**What to produce**
Please transcribe the data exactly as shown, skipping the images.

**Data shown**
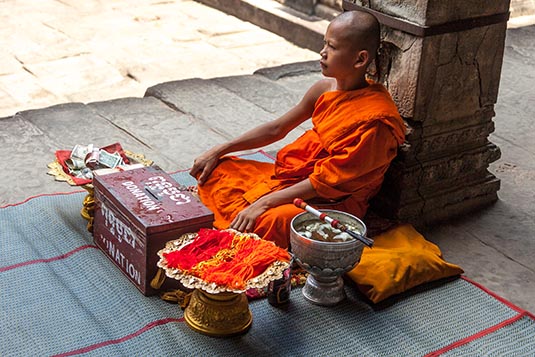 Child Monk, Angkor Wat, Siem Reap, Cambodia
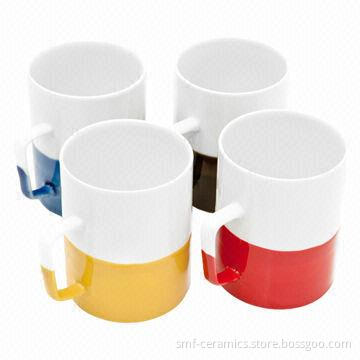 Ceramic/Two-color Chalk/Promotional Mugs, Food Safe Microwaveable, Dishwasher Safe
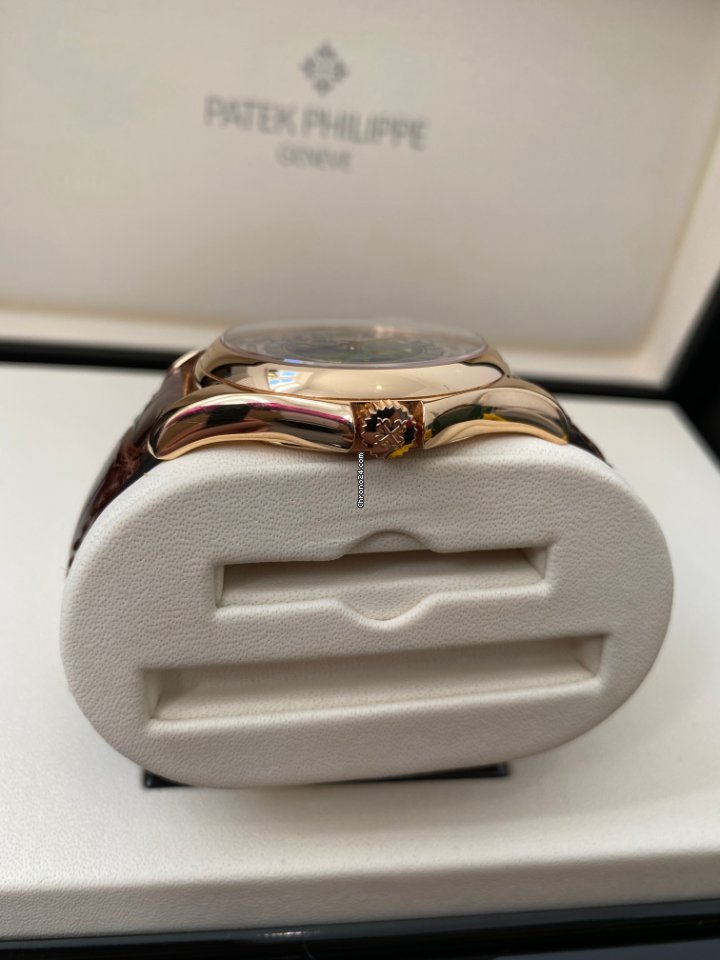 IMG_9081 Patek Philippe World Time Mens watch Unisex Automatic Rose gold 5131R-010 Replica 7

**Reply**
 Child Monk, Angkor Wat, Siem Reap, Cambodia
 Ceramic/Two-color Chalk/Promotional Mugs, Food Safe Microwaveable, Dishwasher Safe
 IMG_9081 Patek Philippe World Time Mens watch Unisex Automatic Rose gold 5131R-010 Replica 7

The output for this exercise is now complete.